When a creditor sues you, you should receive two documents--the Summons and Complaint. The Summons tells you what court you were sued in and what you need to do to answer. The Complaint tells you who is suing you, why they are suing you, and for how much. Start by looking at the caption (at the top of the Complaint, it states who the parties are in a lawsuit). Do you recognize the company suing you? Read the
Complaint and see why you are being sued and the amount. Are the facts
stated in the Complaint correct? Start thinking about how you will respond to
the creditor's claims.
If you were not served with papers (you found out about your lawsuit another way)--get them
Sometimes people find out for the first time that they were sued after a
creditor gets a wage garnishment or a bank freeze. If this has happened, the
creditor already has a judgment against you (which means that it has already
won its case). This often happens when you are not properly served with
legal papers. Depending on how you found out about the lawsuit, you should
now have your case number. Go to the court clerk's office and get a copy of
the legal papers in your case. If you were sued in Hennepin County, go to 300 South 6th Street, Public Service Level, 2nd Fl. If you were sued in Ramsey County, call the records office at (651) 266-8237 for instructions.
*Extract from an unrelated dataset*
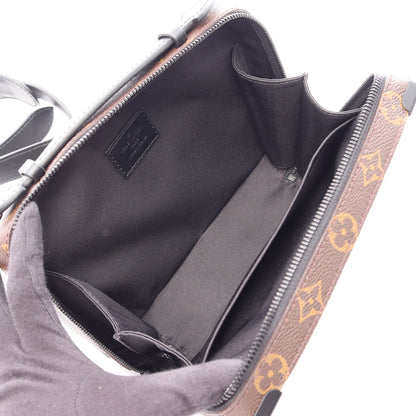 ハンドル ソフトトランク モノグラムマカサー 2WAY ハンドバッグ PVC レザー ブラウン ブラック ルイヴィトン バッグ LOUIS VUITTON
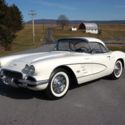 1961 Corvette Conv *2Tops*Orig#smatch*283ci/315hp*4spd*White/Black*Docs*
You will need three documents from the court clerk: Summons, Complaint, and Affidavit of Service. Bring a pocketful of change for the copy machine.
If the creditor does not have a judgment, serve an Answer
In Minnesota, a lawsuit is started by serving it, not by filing it. So if you have just been sued and you haven't answered, your case may not be in the court system yet. If you have it, great. If not, call the opposing law firm to ask for a copy. They should honor this request.
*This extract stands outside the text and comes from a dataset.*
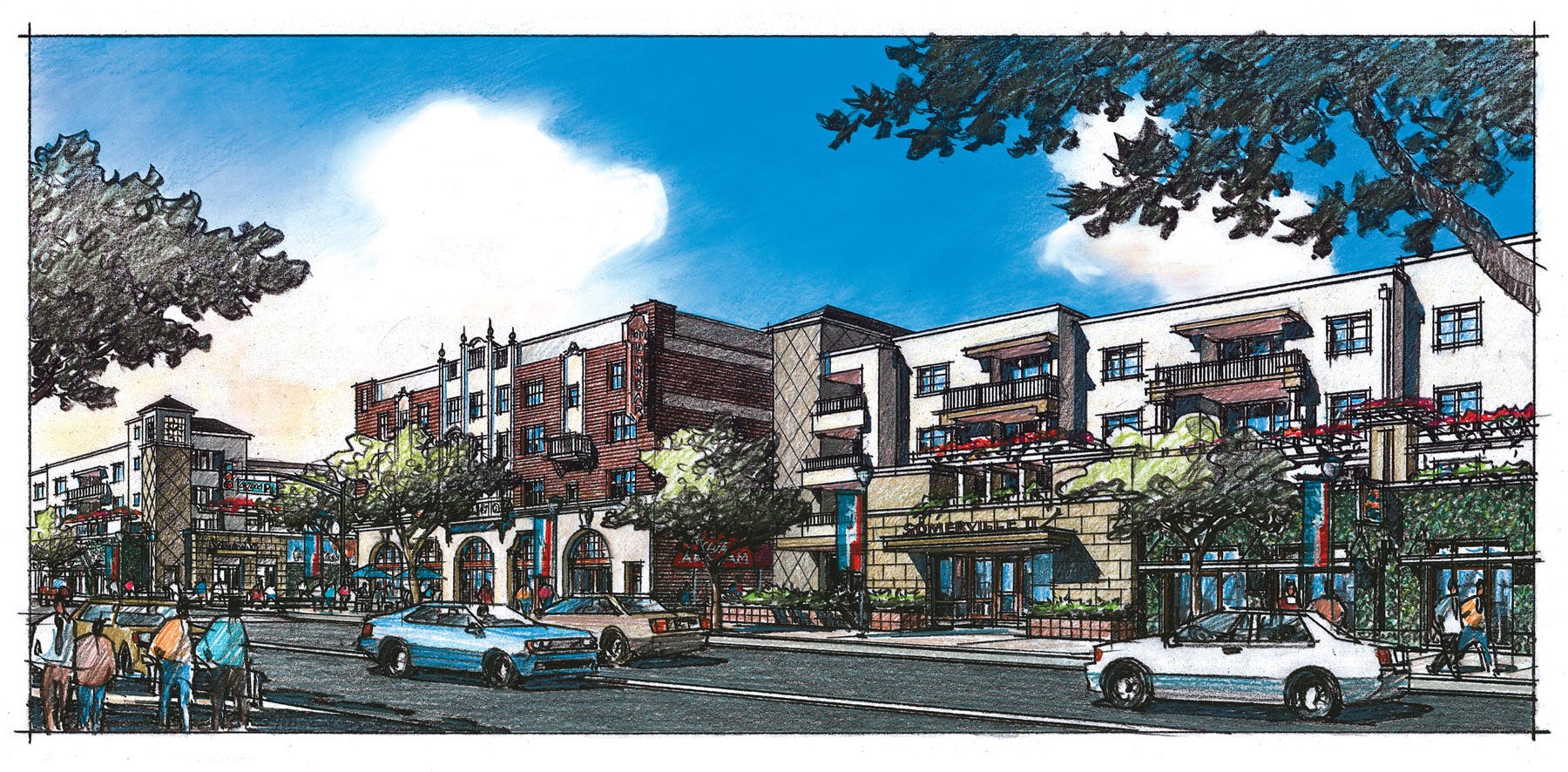 Plans for the residential floors convert the space from double loaded corridors into a single hallway lined with windows that lo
In the Answer, list your defenses--maybe you don't owe the debt, or the amount is incorrect, or you don't know the company that is suing you. If possible, consult an attorney to determine legal defenses. Even if you are not sure, you can still answer. Remember, the creditor must prove its case in court. Just because it says you owe money doesn't mean it's true. Once you have completed your Answer, mail a copy to the lawyer for the other side. Send it certified mail and keep your green certified mail receipt.
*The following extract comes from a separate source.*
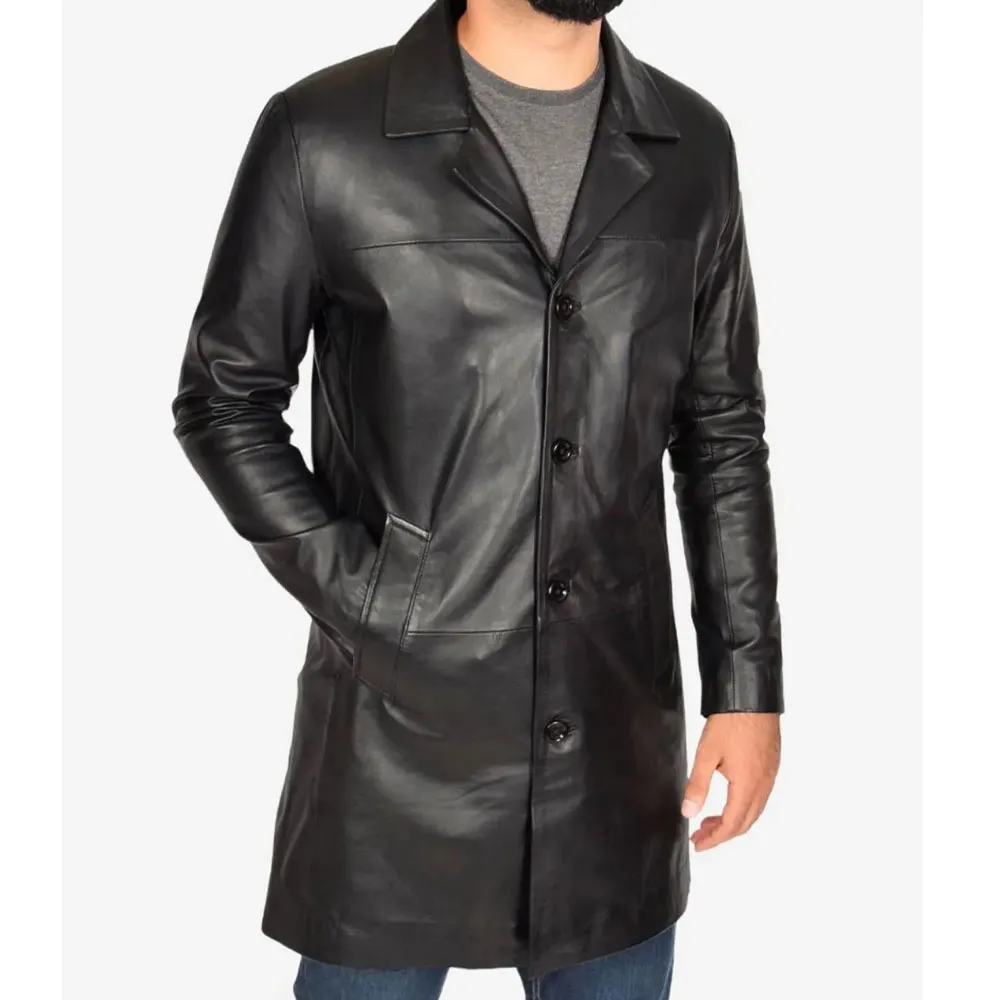 Kurt Cobain Leather Coat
If the creditor has a judgment already, but you never went to court, consider "vacating the default"
If the creditor has a judgment already, you may still have a right to answer
the case. For example, if you have not been properly served with papers, you
may reopen the case as long as you can show that you were not properly
served and that you have a defense to the lawsuit. You do this by filing a
motion to vacate the judgment, which is a type of action in court that may reopen a
default judgment. It is best to find an attorney who can help you vacate the default. but if you can't hire an attorney, it may be possible to do it on your own. Good luck.